→ What you should do: Pictures should be left out while the data beneath this task is written out word for word.

→ Material provided:
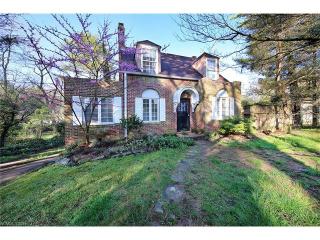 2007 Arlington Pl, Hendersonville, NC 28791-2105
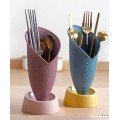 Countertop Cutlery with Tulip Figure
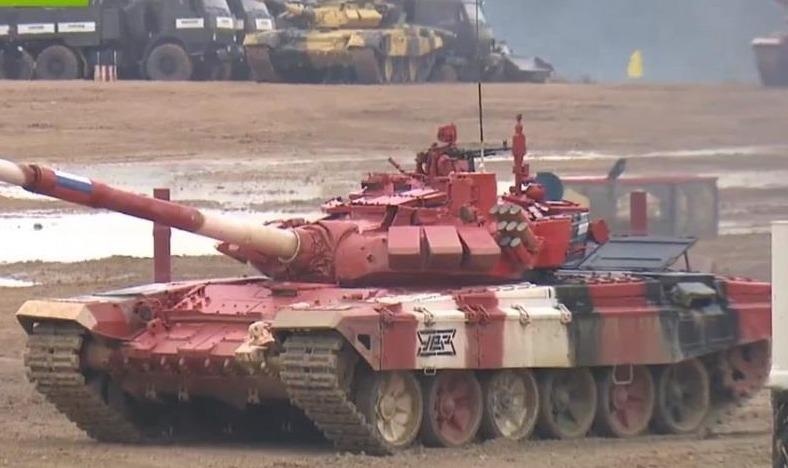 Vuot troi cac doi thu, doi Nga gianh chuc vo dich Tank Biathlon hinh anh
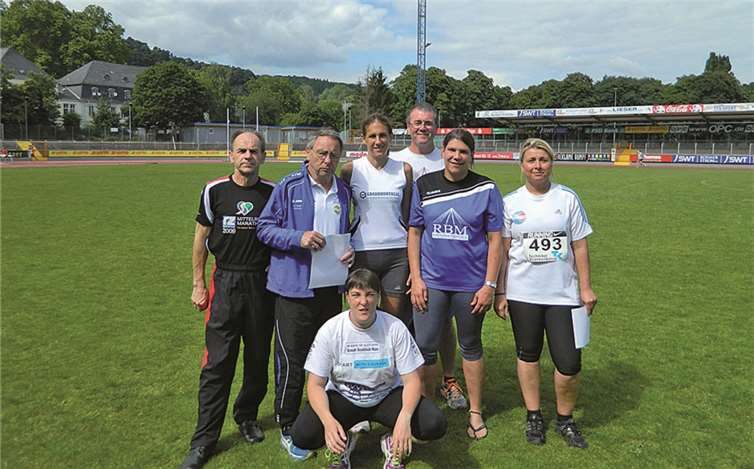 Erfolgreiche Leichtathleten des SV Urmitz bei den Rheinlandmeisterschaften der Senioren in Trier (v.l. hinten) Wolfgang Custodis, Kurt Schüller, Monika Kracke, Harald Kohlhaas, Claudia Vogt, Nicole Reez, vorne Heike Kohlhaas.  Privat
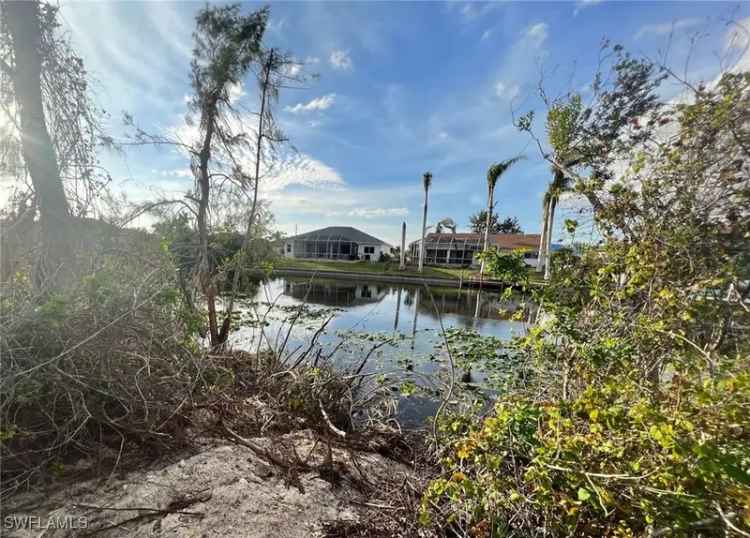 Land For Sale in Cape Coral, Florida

→ Problem solution:
 2007 Arlington Pl, Hendersonville, NC 28791-2105
 Countertop Cutlery with Tulip Figure
 Vuot troi cac doi thu, doi Nga gianh chuc vo dich Tank Biathlon hinh anh
 Erfolgreiche Leichtathleten des SV Urmitz bei den Rheinlandmeisterschaften der Senioren in Trier (v.l. hinten) Wolfgang Custodis, Kurt Schüller, Monika Kracke, Harald Kohlhaas, Claudia Vogt, Nicole Reez, vorne Heike Kohlhaas.  Privat
 Land For Sale in Cape Coral, Florida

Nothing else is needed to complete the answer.